2 main reasons why there are so many stray dogs in India

The stray dog population in India is the world's largest at 30m

There are 2 main reasons why there are so many stray dogs in India. One major factor is that there is a lot of garbage lying around in India which feeds stray dogs. This points to a broken municipal system for collecting garbage. Another reason is a lack of animal birth control which in this instance means spaying and neutering of dogs. This originates in poor dog ownership but the problem has gone beyond that.

The stray dog population in India is the world's largest at 30m

The stray dog population in India is the world’s largest at 30m. Photo: JASMINE MONROUXE

It appears that the departments running municipal sanitation are underfunded, under motivated and neglected. It also appears that stray dogs are left alone to their own devices i.e. to procreate for a long time. It is no longer a case of a domestic dogs being abandoned to procreate because the dog is not sterilised. It is a simple case of a large population of feral or semi-feral dogs existing on the streets and they procreate.

As an outsider it appears that the matter has got out of hand completely. When something this important is neglected for long enough it is bound to happen. It reminds me, I have to say, of the Covid-19 pandemic and India’s mismanagement of it. Once again there is huge neglect of a problem. There appears to be a complete lack of commitment or desire to face the problem.

For example, there is little or no social distancing in India to restrict the spreading of the coronavirus. On television all we see is Indians attending these big festivals and ignoring social distancing and face mask et cetera. The reason why I’m going on about Covid-19 is because it does point to an attitude which is the same attitude which results in a huge population of stray dogs causing health problems for both the dogs and the residents.

Apparently there are 20,000 human deaths per year in India due to rabies transmitted to these people by dog bites. And I am also told that India has the highest number of stray dogs in the world at somewhere around 30 million.

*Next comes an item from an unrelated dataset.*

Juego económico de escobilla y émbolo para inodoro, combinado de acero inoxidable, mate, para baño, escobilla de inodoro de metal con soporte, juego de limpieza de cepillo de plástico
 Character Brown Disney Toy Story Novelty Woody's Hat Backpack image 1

The number is increasing. The dogs are considered to be vermin and they are ill treated, sometimes being poisoned or beaten to death. Yet the dogs serve a purpose; the removal of some of the garbage from the streets.

It appears too that the vacuum effect is a major reason why it has become almost impossible to deal with the stray dog population. There are calls to cull the dogs or relocate them. But if you remove dogs from areas where there is a source of food then other dogs will move into that vacuum. We know this from dealing with feral cats.

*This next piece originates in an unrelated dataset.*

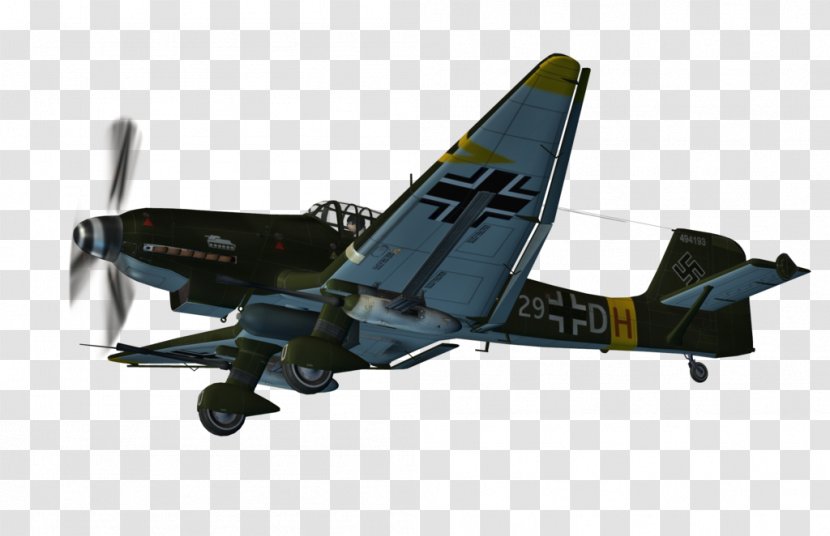 Aircraft Airplane Junkers Ju 87 Propeller - Planes Transparent PNG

And when you get involved in mass killing of undesirable animals which are treated as vermin you invariably end up using inhumane methods to destroy them. This is patiently evident in Australia where feral cats are being killed by any method possible. The inhumanity or humanity of the process is completely irrelevant.

In 1994, stray cats in Mumbai were killed by electrocution. There were calls to stop this barbaric method of getting rid of stray dogs from the Humane Society International and other welfare organisations. They turned to mass immunisation and sterilisation. This is equivalent to TNR programs for cats. It proved to be more successful and of course it was far more humane. Although there are people and organisations such as PETA to say that it is cruel to leave stray dogs and cats on the streets where they live miserable and painful lives. So kill them humanely: euthanise them properly.

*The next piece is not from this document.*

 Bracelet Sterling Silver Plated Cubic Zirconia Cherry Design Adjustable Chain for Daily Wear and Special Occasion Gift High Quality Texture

In Kovalam, a small village in Kerala they killed stray dogs by shooting them and throwing their carcasses into the ocean. The occasional pet was caught in this destructive process. In another town in Kerala, 40 dogs were killed by injecting them with potassium cyanide. This caused an uproar. The problem is that the problem is too big, too enormous to deal with and people get desperate and take these ridiculously inhumane steps to try and solve the problem without success.

India simply has to get organised. There has to be more discipline. There has to be better management and people have to come together to deal with these problems in a coordinated manner. It’s a culture problem. The problem with the huge number of stray dogs and the problem with mismanagement of the coronavirus pandemic has the same root cause: apathy, mismanagement, inhumanity and a lack of respect for animals.